> [Aim of the exercise]: Restate word for word the entries below, starting with the line with "PUMA Mens BMW" and continuing through the line with "Kiddieland: Disney Activity". Include both of those lines and no others.

> [Supplied data]:
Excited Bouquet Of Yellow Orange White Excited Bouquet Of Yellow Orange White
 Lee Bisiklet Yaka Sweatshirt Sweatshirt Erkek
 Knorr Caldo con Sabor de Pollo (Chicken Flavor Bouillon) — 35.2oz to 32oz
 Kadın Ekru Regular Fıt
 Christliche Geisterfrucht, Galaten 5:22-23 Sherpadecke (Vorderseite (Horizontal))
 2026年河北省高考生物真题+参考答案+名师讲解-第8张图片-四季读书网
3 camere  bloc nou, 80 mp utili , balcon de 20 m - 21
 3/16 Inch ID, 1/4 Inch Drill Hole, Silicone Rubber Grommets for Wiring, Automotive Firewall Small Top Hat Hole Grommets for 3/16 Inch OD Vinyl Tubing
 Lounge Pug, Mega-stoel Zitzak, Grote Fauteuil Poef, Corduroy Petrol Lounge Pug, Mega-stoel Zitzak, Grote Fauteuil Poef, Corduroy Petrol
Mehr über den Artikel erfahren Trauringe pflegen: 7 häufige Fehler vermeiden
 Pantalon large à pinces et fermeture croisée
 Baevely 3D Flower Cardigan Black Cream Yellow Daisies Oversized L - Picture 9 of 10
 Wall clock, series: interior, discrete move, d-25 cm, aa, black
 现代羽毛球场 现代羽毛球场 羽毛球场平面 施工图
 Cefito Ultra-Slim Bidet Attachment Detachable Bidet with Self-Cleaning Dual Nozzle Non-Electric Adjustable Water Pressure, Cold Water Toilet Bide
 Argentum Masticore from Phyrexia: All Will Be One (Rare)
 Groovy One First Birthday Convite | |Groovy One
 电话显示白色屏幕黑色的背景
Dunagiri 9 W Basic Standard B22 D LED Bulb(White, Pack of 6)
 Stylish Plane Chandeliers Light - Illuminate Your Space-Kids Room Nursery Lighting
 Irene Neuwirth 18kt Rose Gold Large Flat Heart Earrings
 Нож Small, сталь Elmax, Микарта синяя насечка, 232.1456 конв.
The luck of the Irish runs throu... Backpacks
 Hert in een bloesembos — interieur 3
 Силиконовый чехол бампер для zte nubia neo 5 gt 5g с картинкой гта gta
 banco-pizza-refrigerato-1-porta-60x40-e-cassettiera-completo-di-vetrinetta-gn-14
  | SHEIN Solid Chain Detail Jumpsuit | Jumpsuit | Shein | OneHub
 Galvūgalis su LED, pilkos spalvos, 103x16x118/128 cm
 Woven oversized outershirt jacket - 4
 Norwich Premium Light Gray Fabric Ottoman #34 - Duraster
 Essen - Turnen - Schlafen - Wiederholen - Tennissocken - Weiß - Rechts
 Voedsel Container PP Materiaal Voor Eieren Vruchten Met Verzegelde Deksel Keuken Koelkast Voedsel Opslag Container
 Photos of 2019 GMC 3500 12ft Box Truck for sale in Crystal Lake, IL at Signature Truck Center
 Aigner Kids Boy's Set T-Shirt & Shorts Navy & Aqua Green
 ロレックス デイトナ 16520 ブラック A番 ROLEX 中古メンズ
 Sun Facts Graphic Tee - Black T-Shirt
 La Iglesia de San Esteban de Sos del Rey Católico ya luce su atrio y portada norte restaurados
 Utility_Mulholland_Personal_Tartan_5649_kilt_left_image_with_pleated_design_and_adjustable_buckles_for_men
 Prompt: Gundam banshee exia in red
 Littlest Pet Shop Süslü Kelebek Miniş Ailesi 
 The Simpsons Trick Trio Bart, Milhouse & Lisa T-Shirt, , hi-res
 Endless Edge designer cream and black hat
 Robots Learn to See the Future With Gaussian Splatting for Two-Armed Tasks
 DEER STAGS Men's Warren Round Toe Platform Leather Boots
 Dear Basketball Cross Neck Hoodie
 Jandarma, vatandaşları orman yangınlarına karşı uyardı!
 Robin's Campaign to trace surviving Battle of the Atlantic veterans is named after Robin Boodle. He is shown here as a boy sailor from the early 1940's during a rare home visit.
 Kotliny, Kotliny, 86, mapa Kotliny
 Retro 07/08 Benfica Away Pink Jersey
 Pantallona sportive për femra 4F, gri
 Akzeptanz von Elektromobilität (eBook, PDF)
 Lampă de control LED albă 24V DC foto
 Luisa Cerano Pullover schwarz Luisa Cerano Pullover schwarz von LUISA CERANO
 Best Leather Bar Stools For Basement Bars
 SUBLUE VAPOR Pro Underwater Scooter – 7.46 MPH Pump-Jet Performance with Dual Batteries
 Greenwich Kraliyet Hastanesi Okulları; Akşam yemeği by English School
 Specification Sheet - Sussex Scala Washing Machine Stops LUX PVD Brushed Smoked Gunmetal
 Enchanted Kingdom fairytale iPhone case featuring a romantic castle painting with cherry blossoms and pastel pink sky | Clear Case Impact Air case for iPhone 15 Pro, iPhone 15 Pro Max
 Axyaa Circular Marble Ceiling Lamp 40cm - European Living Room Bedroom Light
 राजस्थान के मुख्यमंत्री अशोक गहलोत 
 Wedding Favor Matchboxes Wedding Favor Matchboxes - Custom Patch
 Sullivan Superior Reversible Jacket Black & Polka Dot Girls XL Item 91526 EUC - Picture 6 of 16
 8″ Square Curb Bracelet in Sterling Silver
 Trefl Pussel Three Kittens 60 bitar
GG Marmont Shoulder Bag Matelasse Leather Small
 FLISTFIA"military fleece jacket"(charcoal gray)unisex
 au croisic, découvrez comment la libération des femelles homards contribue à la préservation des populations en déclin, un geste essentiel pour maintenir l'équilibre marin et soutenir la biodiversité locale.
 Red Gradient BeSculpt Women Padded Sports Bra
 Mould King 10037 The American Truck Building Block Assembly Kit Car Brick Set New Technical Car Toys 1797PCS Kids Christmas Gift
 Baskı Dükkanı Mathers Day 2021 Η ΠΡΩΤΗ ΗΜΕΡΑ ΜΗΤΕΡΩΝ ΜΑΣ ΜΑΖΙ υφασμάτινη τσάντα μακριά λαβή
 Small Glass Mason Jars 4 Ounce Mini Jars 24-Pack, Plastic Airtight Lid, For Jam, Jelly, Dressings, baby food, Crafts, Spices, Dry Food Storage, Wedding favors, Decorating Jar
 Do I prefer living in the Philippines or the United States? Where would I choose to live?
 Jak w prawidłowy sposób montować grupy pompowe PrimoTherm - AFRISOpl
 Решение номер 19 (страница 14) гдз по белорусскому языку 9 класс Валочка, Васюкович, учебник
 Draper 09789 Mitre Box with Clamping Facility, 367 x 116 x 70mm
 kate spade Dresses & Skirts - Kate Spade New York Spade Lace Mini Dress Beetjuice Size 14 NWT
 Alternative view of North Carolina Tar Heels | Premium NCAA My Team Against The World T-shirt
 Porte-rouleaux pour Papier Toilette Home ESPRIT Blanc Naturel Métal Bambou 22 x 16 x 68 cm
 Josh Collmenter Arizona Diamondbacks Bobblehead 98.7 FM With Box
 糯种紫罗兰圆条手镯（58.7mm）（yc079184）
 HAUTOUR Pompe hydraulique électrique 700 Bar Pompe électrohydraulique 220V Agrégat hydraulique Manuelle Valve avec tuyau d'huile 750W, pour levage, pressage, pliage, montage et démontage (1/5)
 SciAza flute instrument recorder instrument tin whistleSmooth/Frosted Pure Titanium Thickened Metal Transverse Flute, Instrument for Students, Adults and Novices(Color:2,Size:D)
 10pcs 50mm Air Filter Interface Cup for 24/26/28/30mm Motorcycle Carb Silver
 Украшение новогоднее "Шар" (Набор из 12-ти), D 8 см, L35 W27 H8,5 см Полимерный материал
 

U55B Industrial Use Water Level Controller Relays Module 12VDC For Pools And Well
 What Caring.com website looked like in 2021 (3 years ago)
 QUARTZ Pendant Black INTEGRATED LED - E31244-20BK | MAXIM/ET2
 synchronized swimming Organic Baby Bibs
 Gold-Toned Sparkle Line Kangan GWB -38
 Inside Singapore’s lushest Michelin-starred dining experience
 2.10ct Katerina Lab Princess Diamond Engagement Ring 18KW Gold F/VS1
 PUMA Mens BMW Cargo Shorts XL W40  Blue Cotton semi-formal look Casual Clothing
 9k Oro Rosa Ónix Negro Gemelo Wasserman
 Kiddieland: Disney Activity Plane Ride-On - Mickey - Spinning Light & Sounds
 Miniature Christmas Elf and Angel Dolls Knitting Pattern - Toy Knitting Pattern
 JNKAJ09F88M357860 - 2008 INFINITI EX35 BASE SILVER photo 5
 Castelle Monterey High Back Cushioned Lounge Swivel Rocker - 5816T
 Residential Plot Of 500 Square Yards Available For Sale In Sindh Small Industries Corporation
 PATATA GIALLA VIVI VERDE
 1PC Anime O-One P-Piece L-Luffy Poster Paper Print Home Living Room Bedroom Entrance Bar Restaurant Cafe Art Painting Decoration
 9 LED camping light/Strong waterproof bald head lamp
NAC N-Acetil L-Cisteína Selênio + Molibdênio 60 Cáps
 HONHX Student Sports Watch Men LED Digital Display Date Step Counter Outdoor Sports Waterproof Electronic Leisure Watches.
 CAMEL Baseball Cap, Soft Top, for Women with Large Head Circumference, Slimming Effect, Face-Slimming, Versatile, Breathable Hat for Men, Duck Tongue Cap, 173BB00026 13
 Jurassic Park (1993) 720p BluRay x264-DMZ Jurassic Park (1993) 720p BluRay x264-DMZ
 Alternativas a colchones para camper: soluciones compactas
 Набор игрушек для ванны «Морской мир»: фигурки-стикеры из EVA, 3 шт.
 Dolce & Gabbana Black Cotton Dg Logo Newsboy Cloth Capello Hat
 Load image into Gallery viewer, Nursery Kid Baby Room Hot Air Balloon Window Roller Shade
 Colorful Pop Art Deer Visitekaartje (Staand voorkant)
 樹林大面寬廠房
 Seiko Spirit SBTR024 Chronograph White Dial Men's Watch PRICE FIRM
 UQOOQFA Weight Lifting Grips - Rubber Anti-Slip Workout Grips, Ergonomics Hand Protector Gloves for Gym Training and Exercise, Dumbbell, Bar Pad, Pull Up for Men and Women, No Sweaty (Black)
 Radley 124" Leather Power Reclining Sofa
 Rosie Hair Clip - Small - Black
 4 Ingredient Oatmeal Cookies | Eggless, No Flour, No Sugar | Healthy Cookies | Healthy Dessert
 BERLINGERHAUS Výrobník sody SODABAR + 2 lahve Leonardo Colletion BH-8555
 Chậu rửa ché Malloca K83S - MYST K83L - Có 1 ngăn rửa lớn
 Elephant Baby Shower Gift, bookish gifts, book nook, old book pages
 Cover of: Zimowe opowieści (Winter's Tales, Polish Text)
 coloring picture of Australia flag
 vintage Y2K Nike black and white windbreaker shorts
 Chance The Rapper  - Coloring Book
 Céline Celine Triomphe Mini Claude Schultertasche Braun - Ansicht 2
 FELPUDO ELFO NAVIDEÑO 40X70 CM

> [Response to the task]:
 PUMA Mens BMW Cargo Shorts XL W40  Blue Cotton semi-formal look Casual Clothing
 9k Oro Rosa Ónix Negro Gemelo Wasserman
 Kiddieland: Disney Activity Plane Ride-On - Mickey - Spinning Light & Sounds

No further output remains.